◆ **Material provided**:
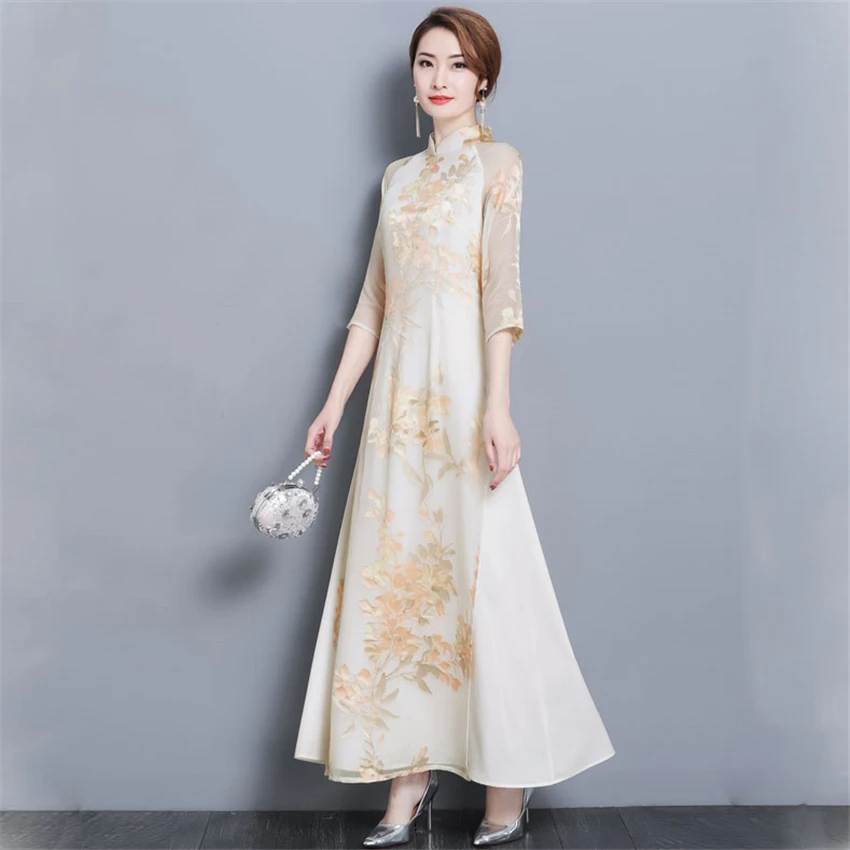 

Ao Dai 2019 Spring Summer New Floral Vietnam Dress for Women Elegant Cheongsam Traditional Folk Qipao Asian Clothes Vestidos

--

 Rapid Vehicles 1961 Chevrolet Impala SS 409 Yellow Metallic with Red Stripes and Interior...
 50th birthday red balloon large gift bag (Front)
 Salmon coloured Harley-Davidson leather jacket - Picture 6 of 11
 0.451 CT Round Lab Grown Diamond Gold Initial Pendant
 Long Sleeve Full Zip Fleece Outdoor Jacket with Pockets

◆ **Task instructions**:
Take the entries above and return only the lines from the one with "Rapid Vehicles 1961" to the one with "Long Sleeve Full", both included, unchanged.

◆ **Result of this task**:
 Rapid Vehicles 1961 Chevrolet Impala SS 409 Yellow Metallic with Red Stripes and Interior...
 50th birthday red balloon large gift bag (Front)
 Salmon coloured Harley-Davidson leather jacket - Picture 6 of 11
 0.451 CT Round Lab Grown Diamond Gold Initial Pendant
 Long Sleeve Full Zip Fleece Outdoor Jacket with Pockets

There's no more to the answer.